● What the exercise asks
Could you print every record below exactly as it appears?

┌─ Data under study

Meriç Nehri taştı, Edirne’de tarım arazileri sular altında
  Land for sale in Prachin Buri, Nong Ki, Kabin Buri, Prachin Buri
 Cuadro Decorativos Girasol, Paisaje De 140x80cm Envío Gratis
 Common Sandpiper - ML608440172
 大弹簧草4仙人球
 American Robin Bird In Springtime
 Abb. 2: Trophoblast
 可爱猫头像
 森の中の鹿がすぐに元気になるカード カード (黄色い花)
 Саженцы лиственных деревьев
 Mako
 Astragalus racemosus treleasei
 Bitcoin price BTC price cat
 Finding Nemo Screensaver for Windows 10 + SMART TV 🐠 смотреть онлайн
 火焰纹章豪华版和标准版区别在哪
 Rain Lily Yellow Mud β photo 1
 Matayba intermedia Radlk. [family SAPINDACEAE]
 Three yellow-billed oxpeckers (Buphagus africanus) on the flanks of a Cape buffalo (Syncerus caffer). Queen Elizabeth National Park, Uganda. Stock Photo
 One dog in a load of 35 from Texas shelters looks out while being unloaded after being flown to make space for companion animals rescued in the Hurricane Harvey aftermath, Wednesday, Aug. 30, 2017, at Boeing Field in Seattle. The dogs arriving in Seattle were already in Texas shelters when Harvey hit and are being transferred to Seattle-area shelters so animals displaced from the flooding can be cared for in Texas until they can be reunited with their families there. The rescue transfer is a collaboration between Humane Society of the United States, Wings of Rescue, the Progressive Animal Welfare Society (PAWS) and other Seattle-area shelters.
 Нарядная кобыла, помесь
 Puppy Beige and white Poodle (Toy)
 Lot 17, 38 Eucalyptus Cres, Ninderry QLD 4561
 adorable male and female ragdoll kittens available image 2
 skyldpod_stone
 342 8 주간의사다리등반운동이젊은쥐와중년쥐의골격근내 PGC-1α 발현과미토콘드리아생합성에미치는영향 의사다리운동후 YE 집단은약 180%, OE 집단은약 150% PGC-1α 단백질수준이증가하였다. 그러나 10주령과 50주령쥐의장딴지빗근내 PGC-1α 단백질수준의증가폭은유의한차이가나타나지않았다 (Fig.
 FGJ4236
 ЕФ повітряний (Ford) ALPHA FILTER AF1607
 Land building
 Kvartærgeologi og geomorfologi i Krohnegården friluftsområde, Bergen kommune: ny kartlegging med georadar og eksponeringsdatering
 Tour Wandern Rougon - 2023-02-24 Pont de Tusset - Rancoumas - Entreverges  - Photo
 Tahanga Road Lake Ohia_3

└─

● Worked solution
Meriç Nehri taştı, Edirne’de tarım arazileri sular altında
  Land for sale in Prachin Buri, Nong Ki, Kabin Buri, Prachin Buri
 Cuadro Decorativos Girasol, Paisaje De 140x80cm Envío Gratis
 Common Sandpiper - ML608440172
 大弹簧草4仙人球
 American Robin Bird In Springtime
 Abb. 2: Trophoblast
 可爱猫头像
 森の中の鹿がすぐに元気になるカード カード (黄色い花)
 Саженцы лиственных деревьев
 Mako
 Astragalus racemosus treleasei
 Bitcoin price BTC price cat
 Finding Nemo Screensaver for Windows 10 + SMART TV 🐠 смотреть онлайн
 火焰纹章豪华版和标准版区别在哪
 Rain Lily Yellow Mud β photo 1
 Matayba intermedia Radlk. [family SAPINDACEAE]
 Three yellow-billed oxpeckers (Buphagus africanus) on the flanks of a Cape buffalo (Syncerus caffer). Queen Elizabeth National Park, Uganda. Stock Photo
 One dog in a load of 35 from Texas shelters looks out while being unloaded after being flown to make space for companion animals rescued in the Hurricane Harvey aftermath, Wednesday, Aug. 30, 2017, at Boeing Field in Seattle. The dogs arriving in Seattle were already in Texas shelters when Harvey hit and are being transferred to Seattle-area shelters so animals displaced from the flooding can be cared for in Texas until they can be reunited with their families there. The rescue transfer is a collaboration between Humane Society of the United States, Wings of Rescue, the Progressive Animal Welfare Society (PAWS) and other Seattle-area shelters.
 Нарядная кобыла, помесь
 Puppy Beige and white Poodle (Toy)
 Lot 17, 38 Eucalyptus Cres, Ninderry QLD 4561
 adorable male and female ragdoll kittens available image 2
 skyldpod_stone
 342 8 주간의사다리등반운동이젊은쥐와중년쥐의골격근내 PGC-1α 발현과미토콘드리아생합성에미치는영향 의사다리운동후 YE 집단은약 180%, OE 집단은약 150% PGC-1α 단백질수준이증가하였다. 그러나 10주령과 50주령쥐의장딴지빗근내 PGC-1α 단백질수준의증가폭은유의한차이가나타나지않았다 (Fig.
 FGJ4236
 ЕФ повітряний (Ford) ALPHA FILTER AF1607
 Land building
 Kvartærgeologi og geomorfologi i Krohnegården friluftsområde, Bergen kommune: ny kartlegging med georadar og eksponeringsdatering
 Tour Wandern Rougon - 2023-02-24 Pont de Tusset - Rancoumas - Entreverges  - Photo
 Tahanga Road Lake Ohia_3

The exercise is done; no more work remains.